__TASK INSTRUCTIONS__. Scan the records for the string "manches". State how many lines contain it and add nothing.

__INFORMATION__.
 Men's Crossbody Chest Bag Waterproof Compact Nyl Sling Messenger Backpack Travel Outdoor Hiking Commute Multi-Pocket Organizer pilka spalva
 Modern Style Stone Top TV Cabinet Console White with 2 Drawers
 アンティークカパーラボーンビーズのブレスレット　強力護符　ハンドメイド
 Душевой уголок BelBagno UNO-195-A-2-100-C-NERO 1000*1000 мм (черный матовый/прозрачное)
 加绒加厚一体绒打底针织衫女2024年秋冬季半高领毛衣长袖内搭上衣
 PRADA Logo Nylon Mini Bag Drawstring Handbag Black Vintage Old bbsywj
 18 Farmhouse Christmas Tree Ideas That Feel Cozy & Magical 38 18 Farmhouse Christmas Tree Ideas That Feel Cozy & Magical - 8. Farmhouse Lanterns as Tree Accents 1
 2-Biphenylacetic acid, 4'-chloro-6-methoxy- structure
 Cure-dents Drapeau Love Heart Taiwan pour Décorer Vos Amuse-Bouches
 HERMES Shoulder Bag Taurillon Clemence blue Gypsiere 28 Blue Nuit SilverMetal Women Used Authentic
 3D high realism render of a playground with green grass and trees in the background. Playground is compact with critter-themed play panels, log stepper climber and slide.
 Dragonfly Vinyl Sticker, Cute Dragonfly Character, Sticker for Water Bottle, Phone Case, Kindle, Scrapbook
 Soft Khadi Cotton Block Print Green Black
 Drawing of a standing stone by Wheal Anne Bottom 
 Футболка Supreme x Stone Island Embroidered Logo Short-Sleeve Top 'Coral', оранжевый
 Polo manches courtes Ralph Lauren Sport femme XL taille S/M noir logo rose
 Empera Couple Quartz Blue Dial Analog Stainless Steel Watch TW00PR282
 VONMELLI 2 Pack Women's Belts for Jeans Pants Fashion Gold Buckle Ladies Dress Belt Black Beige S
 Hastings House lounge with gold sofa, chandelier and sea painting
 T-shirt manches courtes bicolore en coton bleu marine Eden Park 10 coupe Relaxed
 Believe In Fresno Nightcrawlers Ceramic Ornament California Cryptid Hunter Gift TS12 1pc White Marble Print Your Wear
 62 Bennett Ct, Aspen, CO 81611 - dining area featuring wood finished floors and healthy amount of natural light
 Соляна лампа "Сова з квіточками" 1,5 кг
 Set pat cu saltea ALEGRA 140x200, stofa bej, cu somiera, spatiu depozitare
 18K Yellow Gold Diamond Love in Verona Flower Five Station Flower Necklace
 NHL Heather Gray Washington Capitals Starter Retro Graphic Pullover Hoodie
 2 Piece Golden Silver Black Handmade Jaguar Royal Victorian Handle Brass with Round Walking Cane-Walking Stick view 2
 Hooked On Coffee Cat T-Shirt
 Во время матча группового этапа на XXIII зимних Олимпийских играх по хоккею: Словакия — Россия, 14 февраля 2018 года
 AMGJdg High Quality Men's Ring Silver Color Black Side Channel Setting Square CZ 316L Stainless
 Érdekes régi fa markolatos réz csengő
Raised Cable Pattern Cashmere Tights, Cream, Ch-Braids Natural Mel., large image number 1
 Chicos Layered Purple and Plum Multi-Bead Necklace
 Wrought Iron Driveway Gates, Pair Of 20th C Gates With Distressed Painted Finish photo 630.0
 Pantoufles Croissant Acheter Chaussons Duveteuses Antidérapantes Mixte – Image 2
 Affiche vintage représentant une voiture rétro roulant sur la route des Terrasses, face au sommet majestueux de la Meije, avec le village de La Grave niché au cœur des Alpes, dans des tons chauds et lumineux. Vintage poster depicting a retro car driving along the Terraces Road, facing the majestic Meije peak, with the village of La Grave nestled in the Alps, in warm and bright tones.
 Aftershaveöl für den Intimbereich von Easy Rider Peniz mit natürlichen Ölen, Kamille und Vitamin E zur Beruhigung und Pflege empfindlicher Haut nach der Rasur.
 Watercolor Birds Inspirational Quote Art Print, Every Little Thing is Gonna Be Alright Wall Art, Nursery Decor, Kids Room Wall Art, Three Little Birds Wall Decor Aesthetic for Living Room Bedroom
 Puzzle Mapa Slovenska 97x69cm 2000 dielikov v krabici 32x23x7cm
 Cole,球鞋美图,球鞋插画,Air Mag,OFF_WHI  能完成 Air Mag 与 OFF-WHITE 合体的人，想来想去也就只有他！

__WRITTEN REPLY__. 2